Erzählt werden könnte auch, dass The Robocop Kraus aus zwei rivalisierenden Hardcore-Schülerbands entstanden sind. Dass sie deswegen zu Anfang Instrumente in die Hand nehmen mussten, die sie vorher noch nie gespielt hatten. Der Drummer beherrschte nur einen Beat (den aber kräftig), die Orgel fand sich beim Gitarristen auf dem Dachboden. Dass sie gerne Gerüchte über die Bandgeschichte streuen. Ein Beispiel? Ihr 2000er-Debütalbum "Inferno Nihilistique" soll von Gerlinde, der Mutter von Gitarrist Matthias geschrieben worden sein - inklusive Familienkrach, wenn der Sohn Mutters Riffs nicht nachspielen konnte. Und dass das Credo der Jungs, die man früher nur in Anzügen auf der Bühne sah, bis sie in letzter Zeit ihre Vorliebe für Flanellhemden entdeckt haben, lautet "Wir wollen Leute zum Tanzen animieren".

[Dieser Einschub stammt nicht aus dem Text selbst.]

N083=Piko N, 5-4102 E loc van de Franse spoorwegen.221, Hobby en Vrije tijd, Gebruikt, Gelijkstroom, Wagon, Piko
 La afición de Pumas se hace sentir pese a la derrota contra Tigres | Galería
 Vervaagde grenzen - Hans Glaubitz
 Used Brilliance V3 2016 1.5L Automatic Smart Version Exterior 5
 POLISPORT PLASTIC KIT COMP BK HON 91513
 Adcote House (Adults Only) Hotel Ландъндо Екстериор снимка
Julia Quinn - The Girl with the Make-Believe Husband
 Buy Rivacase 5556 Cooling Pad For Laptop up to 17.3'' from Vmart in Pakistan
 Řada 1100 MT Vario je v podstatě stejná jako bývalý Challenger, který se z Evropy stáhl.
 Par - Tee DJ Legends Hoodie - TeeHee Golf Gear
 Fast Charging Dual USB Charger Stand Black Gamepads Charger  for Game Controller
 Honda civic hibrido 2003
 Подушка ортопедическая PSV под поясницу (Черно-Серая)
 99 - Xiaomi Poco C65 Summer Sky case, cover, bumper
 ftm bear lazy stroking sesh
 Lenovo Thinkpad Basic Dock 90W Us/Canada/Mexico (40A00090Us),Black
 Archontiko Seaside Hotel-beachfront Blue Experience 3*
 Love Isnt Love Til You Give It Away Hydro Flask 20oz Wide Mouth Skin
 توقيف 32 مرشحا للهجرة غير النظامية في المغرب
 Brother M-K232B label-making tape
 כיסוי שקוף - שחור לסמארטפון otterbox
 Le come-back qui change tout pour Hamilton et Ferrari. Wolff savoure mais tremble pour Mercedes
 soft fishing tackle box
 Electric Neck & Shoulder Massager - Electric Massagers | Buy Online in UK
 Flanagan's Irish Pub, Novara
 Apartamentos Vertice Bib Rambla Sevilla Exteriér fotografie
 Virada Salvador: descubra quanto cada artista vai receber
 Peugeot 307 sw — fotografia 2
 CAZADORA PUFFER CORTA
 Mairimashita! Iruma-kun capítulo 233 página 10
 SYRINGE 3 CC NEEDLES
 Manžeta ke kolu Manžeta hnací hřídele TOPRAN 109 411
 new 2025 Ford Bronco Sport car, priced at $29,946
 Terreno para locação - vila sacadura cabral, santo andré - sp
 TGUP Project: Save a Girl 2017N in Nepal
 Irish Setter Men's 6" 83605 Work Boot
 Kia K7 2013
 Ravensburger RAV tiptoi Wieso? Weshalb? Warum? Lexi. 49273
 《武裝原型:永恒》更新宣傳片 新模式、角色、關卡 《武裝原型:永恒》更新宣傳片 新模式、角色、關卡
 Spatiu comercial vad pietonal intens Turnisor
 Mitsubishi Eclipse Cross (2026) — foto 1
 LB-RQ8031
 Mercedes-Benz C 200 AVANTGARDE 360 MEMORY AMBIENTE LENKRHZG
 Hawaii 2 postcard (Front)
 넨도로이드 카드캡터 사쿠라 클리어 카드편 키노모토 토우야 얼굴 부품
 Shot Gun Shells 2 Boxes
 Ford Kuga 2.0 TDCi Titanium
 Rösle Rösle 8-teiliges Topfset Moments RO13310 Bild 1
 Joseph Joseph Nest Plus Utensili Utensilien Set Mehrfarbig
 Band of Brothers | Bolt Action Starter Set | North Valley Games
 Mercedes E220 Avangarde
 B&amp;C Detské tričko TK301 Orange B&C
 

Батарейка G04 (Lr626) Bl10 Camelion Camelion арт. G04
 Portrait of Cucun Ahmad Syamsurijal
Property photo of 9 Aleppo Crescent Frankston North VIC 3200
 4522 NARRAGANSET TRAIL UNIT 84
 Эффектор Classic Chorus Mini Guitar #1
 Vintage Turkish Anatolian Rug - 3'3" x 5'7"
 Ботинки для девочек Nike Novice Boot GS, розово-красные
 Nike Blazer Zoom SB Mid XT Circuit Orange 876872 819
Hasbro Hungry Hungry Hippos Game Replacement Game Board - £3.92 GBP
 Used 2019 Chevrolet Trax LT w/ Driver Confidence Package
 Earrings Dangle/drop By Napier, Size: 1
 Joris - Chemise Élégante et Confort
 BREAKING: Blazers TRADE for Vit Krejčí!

"Sound" aber ist lieber spröde, launisch, rebellisch. Ein bisschen Postpunk, ein wenig New Wave, Erinnerungen an die Sixties und die Eighties plus ein Schuss Soul. Zudem ist er sowohl philosophisch als auch humorvoll genug für Titelgebungen wie "In Fact You're Just Fiction", "Concerned, Your Secular Friends" und "Life Amazes Us Despite Our Miserable Future". Gute Titel, gute Songs. Die mal wieder dran erinnern, dass es diesen retro-klingenden-aber-experimentell-gemeinten Klang auch schon vor Franz Ferdinand und Bloc Party gab. Früher hatte der "Sound" der Nürnberger insbesondere auf der Bühne den wilden Charme des Enthusiasmus.

Die neue Reife

Doch auch geheimnisvolle Unbekannte reifen im Stillen vor sich hin: Dieser hier hat gelernt, alles etwas ruhiger zu nehmen. Nicht mehr alles auf einmal zu wollen, sondern brav Akkord an Akkord, Beat an Melodie zu reihen. Ohne dass der Zuhörer sich fühlt, als sei er gerade unter das musikalische Äquivalent der Hufe eines Rodeobullen geraten. Steht ihm, diese neue Reife - und wird vielleicht auch dafür sorgen, dass er ein paar neue Bekanntschaften in der Zuhörerschaft schließt. Immerhin wurde das Ganze diesen Sommer erstmals im großen Stil für festivalreif befunden.

Doch statt all dies zu erzählen, zu erklären, nippt "Sound" nur an seinem Bier. Bis die Tür aufgeht. "Da kommen meine Jungs. Besser ihr räumt schon mal die Billardtische beiseite. Heute findet der Showdown nämlich auf der Tanzfläche statt." Wie titelten "The Robocop Kraus" schon auf ihrer 2002er- Compilation so treffend: "As Long As We Dance We Are Not Dead".